Selling public lands to highest bidder an American tragedy
LAWRENCE, Kan. (TNS) — Drive west on Interstate 70 from the Mississippi River at St. Louis. As you cross Missouri and Kansas, you’ll traverse 750 miles of privately owned land.
The only public property is the road beneath your wheels.
Not until sighting the Front Range in Colorado, 900 miles west of St. Louis, do you near America’s public lands, our natural heritage and now a threatened national legacy.
Public lands are the 640 million acres — nearly one-third of the United States — owned by all the American people. Federal agencies manage them for our use and enjoyment: the U.S. Forest Service, the Bureau of Land Management, the U.S. Fish and Wildlife Service and the National Park Service.
Growing up in Boise, Idaho, public lands beckoned just a short jaunt uphill from my front door. Lawrence, my home in Kansas for most of the past 30 years, couldn’t be more different.
Ninety-eight percent of Kansas land is privately owned, the highest proportion in America, along with 97% of Nebraska and Iowa, and 89% of Missouri.
Thomas Jefferson dreamed an agrarian commonwealth. It came to life here in the heartland.
Isolated from our national forests, grasslands and parks, why should we care about the threats targeting America’s public lands? Because it’s our fight, too. And has been for a long time.
Bills are moving in Congress to sell public lands to the highest bidder. Western governors demand our public lands be surrendered to their states. The think-tank philosophers who brought you Project 2025 and unleashed the Department of Government Efficiency are peddling plans to transfer your public lands to wealthy buyers.
The fight to conserve our nation’s landed heritage does concern us. Our bipartisan heartland history of public land conservation and appreciation demands we care.
Take Kansas, for example. Keith Sebelius, the late Republican congressman from our western plains, prized public lands even though his constituents owned more than 99% of the land in his district.

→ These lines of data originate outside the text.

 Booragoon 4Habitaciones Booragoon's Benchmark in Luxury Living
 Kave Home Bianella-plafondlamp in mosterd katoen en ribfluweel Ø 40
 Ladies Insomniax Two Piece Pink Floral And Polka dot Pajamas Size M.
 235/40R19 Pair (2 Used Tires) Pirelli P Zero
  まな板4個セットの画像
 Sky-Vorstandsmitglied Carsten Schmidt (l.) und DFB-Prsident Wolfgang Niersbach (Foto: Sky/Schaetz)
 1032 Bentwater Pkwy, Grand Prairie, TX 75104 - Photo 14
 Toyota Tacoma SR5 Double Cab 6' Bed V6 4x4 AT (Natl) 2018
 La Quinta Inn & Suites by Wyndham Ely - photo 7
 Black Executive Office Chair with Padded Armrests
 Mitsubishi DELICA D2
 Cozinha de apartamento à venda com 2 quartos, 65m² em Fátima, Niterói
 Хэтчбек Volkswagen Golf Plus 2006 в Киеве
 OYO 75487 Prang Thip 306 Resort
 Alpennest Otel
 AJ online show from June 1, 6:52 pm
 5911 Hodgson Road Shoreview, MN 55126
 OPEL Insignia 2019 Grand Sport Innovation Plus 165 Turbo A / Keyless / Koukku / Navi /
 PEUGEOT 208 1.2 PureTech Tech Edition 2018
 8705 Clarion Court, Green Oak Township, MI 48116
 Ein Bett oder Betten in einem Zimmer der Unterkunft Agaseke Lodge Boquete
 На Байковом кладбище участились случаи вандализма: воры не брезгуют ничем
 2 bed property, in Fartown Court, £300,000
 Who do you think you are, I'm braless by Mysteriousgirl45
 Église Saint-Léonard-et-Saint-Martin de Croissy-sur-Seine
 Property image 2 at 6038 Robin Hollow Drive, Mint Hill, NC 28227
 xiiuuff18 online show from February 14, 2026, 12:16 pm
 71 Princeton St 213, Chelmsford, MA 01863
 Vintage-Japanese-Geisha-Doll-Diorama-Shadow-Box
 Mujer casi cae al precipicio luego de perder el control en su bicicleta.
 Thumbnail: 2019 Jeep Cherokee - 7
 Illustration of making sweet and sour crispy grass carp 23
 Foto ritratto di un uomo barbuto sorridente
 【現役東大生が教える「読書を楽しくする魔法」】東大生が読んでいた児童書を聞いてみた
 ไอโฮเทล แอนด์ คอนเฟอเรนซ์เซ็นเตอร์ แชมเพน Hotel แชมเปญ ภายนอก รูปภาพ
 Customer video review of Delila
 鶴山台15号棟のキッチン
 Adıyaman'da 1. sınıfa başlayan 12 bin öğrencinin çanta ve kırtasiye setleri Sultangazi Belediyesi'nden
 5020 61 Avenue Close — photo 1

Rep. Sebelius worked with Democratic colleagues on the House Interior Committee for two decades to designate new national recreation areas, expand national parks and manage our diverse public land portfolio.
He understood public lands include not only natural wonders that draw tourists the world over — and my Kansas neighbors who vacation in Colorado — but the less spectacular working grasslands used by ranchers as well as hunters, hikers, rock hounds, off-road enthusiasts and folks who just like open skies and broad vistas. Sebelius appreciated America’s public land history made us special: No other nation has guaranteed every one of its residents legal access to one-third of its land mass. America invented land management ideas that set us apart from the world: national parks, wilderness areas and wild rivers.
Sebelius even helped pioneer a new way to manage public lands: the national recreation area, a blend of land and water conservation, productive private use, and guaranteed public access. He brokered bipartisan compromises designating two national recreation areas in Idaho, a fact I learned researching a recent history lecture for folks “back home” in Boise.
In 1975 Sebelius persuaded Republican President Gerald Ford of Michigan and a Congress controlled by Democrats to designate Hells Canyon, bordering Idaho and Oregon, a national recreation area conserving America’s deepest canyon, along with the wild Snake River and the lofty Seven Devils Wilderness.
We heartlanders may not enjoy “out the front door” access to mountains and whitewater as I did growing up. But we better speak up for public lands now, or we’ll find ourselves asking a millionaire tech bro permission to ramble Colorado’s peaks or savor New Mexico’s spicy blend of redrock desert and blackrock canyons.
( Karl Brooks is a professor in the School of Public Affairs and Administration at the University of Kansas. He was EPA regional administrator in the Heartland from 2010 to 2015, then EPA national operations manager from 2015 to 2016.)